Requirement ▸ Below are records; the lines starting at the one with "Dixie was lucky" and ending at the one with "Rodolfo Pizarro durante" must be reproduced exactly, both included. Pictures must not appear.

Data for processing ▸
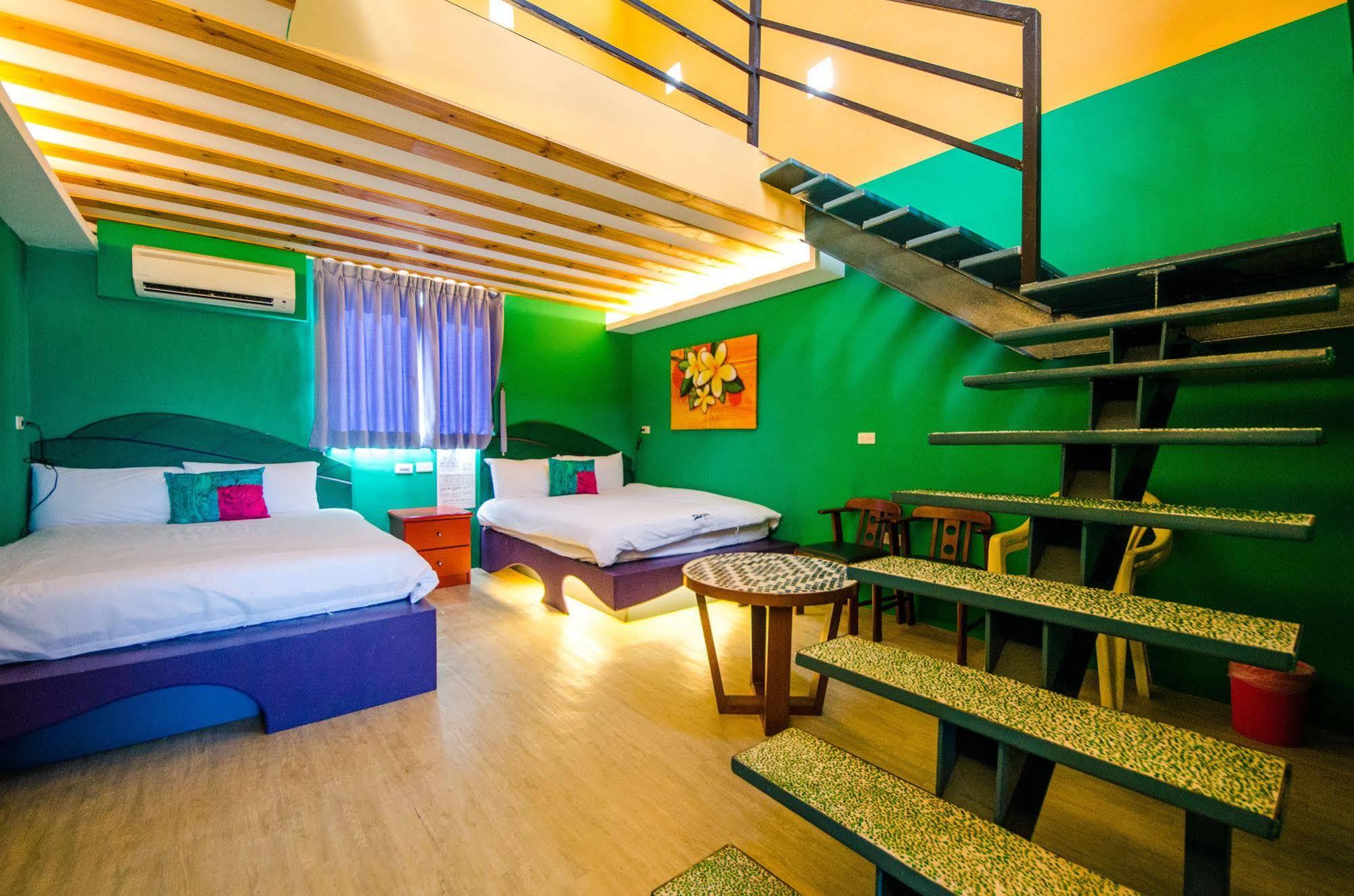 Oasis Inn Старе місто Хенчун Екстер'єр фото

==

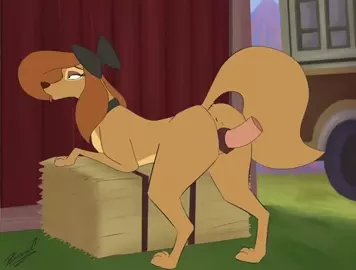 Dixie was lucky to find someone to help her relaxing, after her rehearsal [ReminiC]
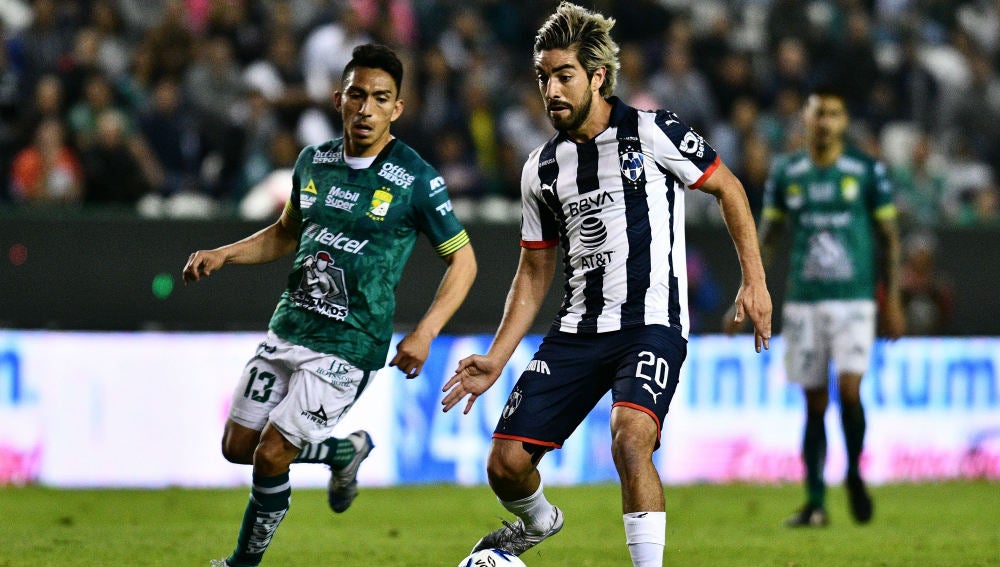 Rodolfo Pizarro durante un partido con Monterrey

==

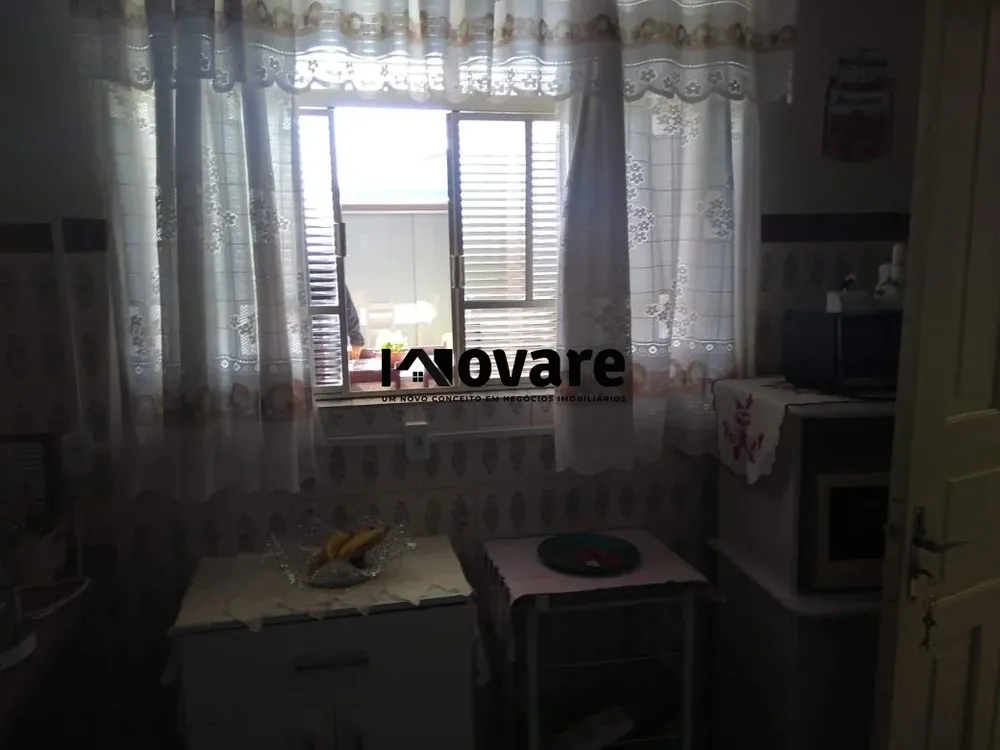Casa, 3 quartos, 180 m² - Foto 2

Exercise answer ▸
 Dixie was lucky to find someone to help her relaxing, after her rehearsal [ReminiC]
 Rodolfo Pizarro durante un partido con Monterrey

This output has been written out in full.